Source: FE Analytics
“We believe the long-term growth story remains very much intact,” said analyst Ed Salvesen.
“There have been a few disappointments in recent results, but we would argue that this is a long-term positive as it shows that management has been willing to forgo growth to protect the brands, which are the most important element of the investment case.”
“IHG has a 6 per cent market share and a 15 per cent share of the global pipeline of rooms, so we believe that it is reasonable to believe that it can continue to gain market share.”
“It is already the largest hotel chain in China and has an impressive pipeline of hotels in Tier 1, 2 and 3 cities.”
“We continue to like its long-term fundamentals, with an impressive exposure to both the US and China.”
Prudential
Another stock the wealth manager likes for emerging markets growth is insurance group Prudential.
“Life insurance can be a dull sector but we believe that Prudential’s significant exposure to a rapidly growing middle class in Asia makes it one of the best placed insurers globally,” said Ruairidh Finlayson, assistant director and equity analyst.
Next
Closer to home, the analysts are tipping retailer Next, which returned 48.75 per cent in 2013 to the market’s 16.15 per cent.
Performance of stock vs index in 2013

Source: FE Analytics
“2014 should be another good year for Next,” said analyst Nicla Di Palma. “Growth in retail stores remains subdued, but directory [mail order] sales continue to boom.”
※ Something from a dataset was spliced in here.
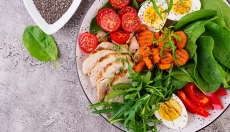 What to Eat According to Blood Type for Health and Vitality Support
“Homeware should drive sales growth in the year to come and the strong free cash-flow generation is likely to mean further buybacks in 2014.”
Telecity
This company provides data centres to mobile phone networks. It has underperformed of late due to UK growth worries and poor interim results.
However, Finlayson says that it can turn this around with the appointment of a “FTSE 100 quality” finance director and an improvement in its markets, driven by the ever increasing need for connectivity in key internet airports.
G4S
G4S has been the bad boy of the FTSE ever since it failed to fulfil its contractual obligations at the Olympics.
Further scandals since then have tarnished its reputation and led to the departure of senior management.
Analyst Iain Armstrong thinks the company is set for better times next year thanks to new management and a new approach, led by a forensic examination of all contract performance, an increased focus on organic revenue growth and sustainable free cash-flow.
Hammerson
Bargain-hunters should look at property developer Hammerson, which owns a number of shopping malls in its portfolio, according to analyst Stephen Williams.
It has been a tough year for the company as the retail sector has struggled, but Williams says this is set to change.
Performance of stock vs index in 2013

Source: FE Analytics
“Shares can be bought on a 12 per cent discount to forecast net asset value and offer a dividend yield of 3.8 per cent,” he said. “This looks a bargain in a January sale.”
“Shopping is moving forward as the malls aim to become venues for a whole family day out, with eating, entertainment and free parking some of the additional attractions now being offered. Thus, we believe that retail is not dead.”
“After all, retail rental values are now beginning to increase after 25 months of falling.”
“Hammerson has some significant developments in hand at Croydon, Leeds and Brent Cross, all of which are due to start in 2014.”
“Add in its interest in the hugely successful European Retail Villages (which include the Bicester designer outlet) and new large shopping malls in Paris and Marseilles in France, and the story gets rather interesting.”
BG Group
Armstrong also picks energy company BG Group, which he says is due to return to positive free cash-flow in 2015 due to more than tripling production in Brazil and the completion of the Queensland coal-to-LNG project.
Drax
Another energy-related stock that Brewin Dolphin likes is Drax, which owns the largest coal-fired power station in Europe, but is shifting into more environmentally friendly fuels.
“As Drax shifts from coal to biomass, it will benefit from rising power prices and the Government’s renewable subsidies; we expect double-digit earnings and dividend growth in 2014,” said Elaine Coverley, head of equity research.
“Ironically, Drax was one the UK’s largest carbon emitters but after refitting its generators will become one of the UK’s largest renewable generators.”